§ Extracted information:
Segment Open

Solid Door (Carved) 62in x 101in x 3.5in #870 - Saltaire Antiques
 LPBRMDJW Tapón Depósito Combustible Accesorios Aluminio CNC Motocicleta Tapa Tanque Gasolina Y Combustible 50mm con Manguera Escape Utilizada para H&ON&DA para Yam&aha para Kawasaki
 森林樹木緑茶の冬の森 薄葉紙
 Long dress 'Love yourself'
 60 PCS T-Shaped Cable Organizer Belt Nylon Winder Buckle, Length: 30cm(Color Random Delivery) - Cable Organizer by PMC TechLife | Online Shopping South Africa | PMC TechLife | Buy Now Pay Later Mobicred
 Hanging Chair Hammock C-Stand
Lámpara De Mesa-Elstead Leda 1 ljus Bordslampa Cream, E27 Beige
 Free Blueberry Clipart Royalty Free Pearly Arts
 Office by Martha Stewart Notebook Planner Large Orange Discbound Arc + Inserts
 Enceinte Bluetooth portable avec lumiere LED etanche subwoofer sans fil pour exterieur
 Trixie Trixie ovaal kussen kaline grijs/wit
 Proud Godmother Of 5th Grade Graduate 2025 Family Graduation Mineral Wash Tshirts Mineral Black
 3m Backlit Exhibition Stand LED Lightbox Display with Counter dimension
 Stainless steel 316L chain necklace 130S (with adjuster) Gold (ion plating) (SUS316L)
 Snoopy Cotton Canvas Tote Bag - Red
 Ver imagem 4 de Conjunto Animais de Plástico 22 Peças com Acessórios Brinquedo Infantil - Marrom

Segment Closed

§ What to do: From the line that contains "Enceinte Bluetooth portable" down to the last line above, print each line exactly as it appears.

§ Answer below:
 Enceinte Bluetooth portable avec lumiere LED etanche subwoofer sans fil pour exterieur
 Trixie Trixie ovaal kussen kaline grijs/wit
 Proud Godmother Of 5th Grade Graduate 2025 Family Graduation Mineral Wash Tshirts Mineral Black
 3m Backlit Exhibition Stand LED Lightbox Display with Counter dimension
 Stainless steel 316L chain necklace 130S (with adjuster) Gold (ion plating) (SUS316L)
 Snoopy Cotton Canvas Tote Bag - Red
 Ver imagem 4 de Conjunto Animais de Plástico 22 Peças com Acessórios Brinquedo Infantil - Marrom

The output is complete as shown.